> [Data]
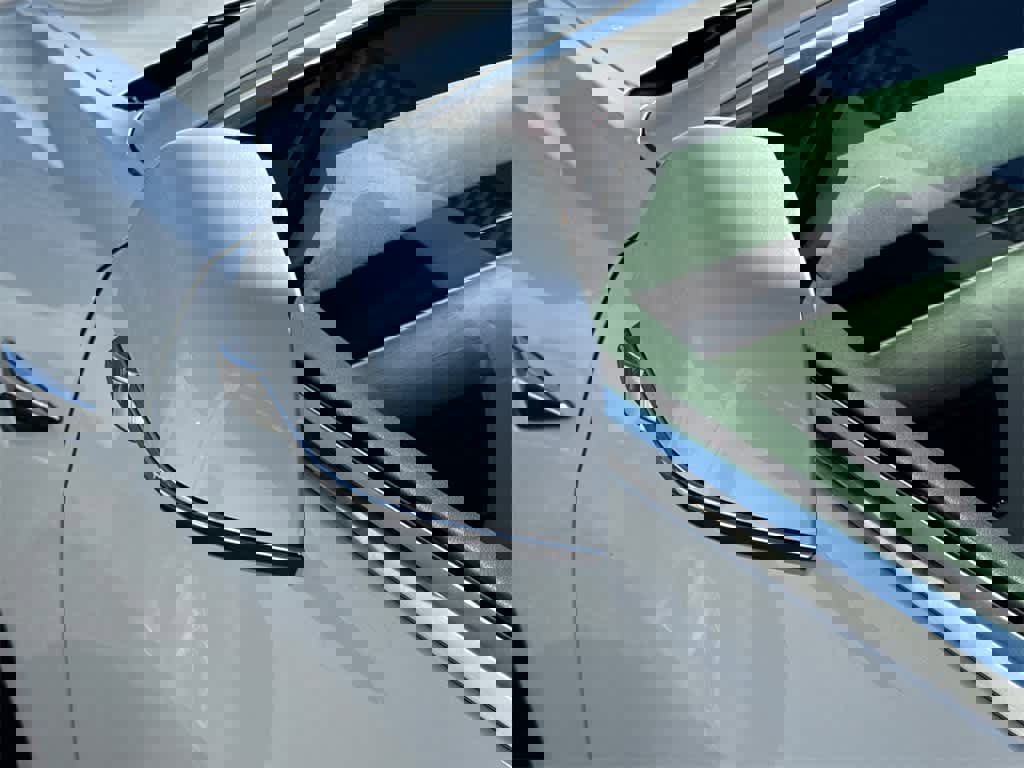 Used 2020 Tesla Model 3 Standard Range image 8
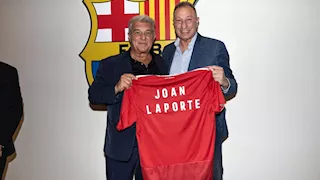 ماذا حدث في اجتماع محمود الخطيب مع لابورتا رئيس برشلونة؟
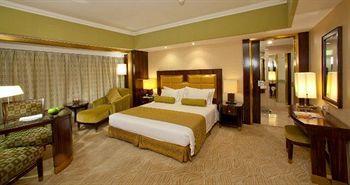 Hua Ting Hotel & Towers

> [Assignment] Reproduce the material word for word, minus the images.

> [The answer]
 Used 2020 Tesla Model 3 Standard Range image 8
 ماذا حدث في اجتماع محمود الخطيب مع لابورتا رئيس برشلونة؟
 Hua Ting Hotel & Towers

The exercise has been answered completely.